REQUIRED ACTION
Lines from the one containing "B&B in de Kromme Jak" through the last line of the data are to be returned exactly, both ends included, minus any pictures.

THE DATA
+ + + +

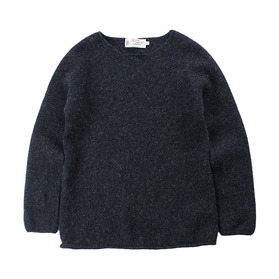 Nor&#039;easterly Wide neck Sweater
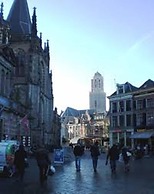 B&B in de Kromme Jak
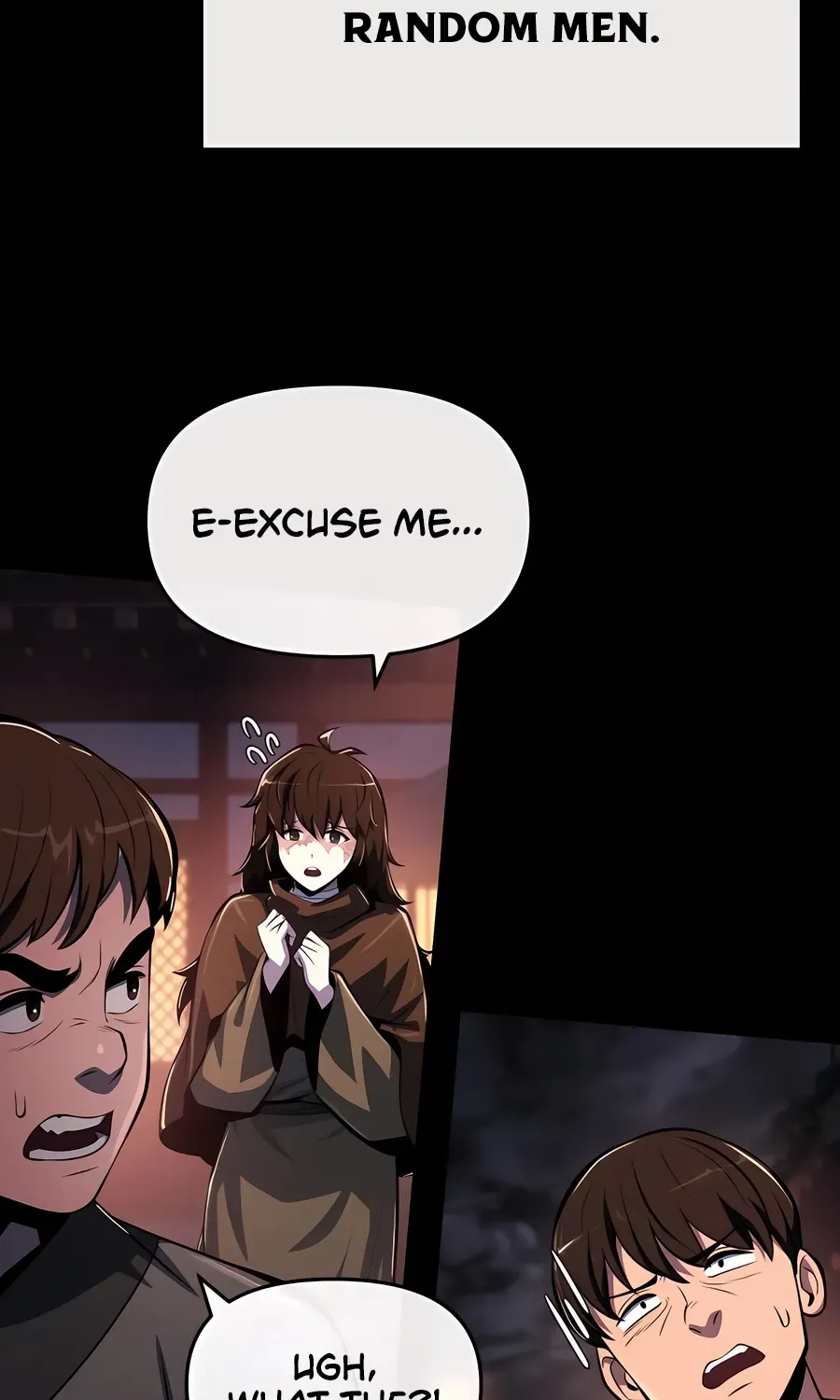 The Poison Master of Sacheondang Clan Chapter 46 page 110 -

+ + + +

YOUR SOLUTION
 B&B in de Kromme Jak
 The Poison Master of Sacheondang Clan Chapter 46 page 110 -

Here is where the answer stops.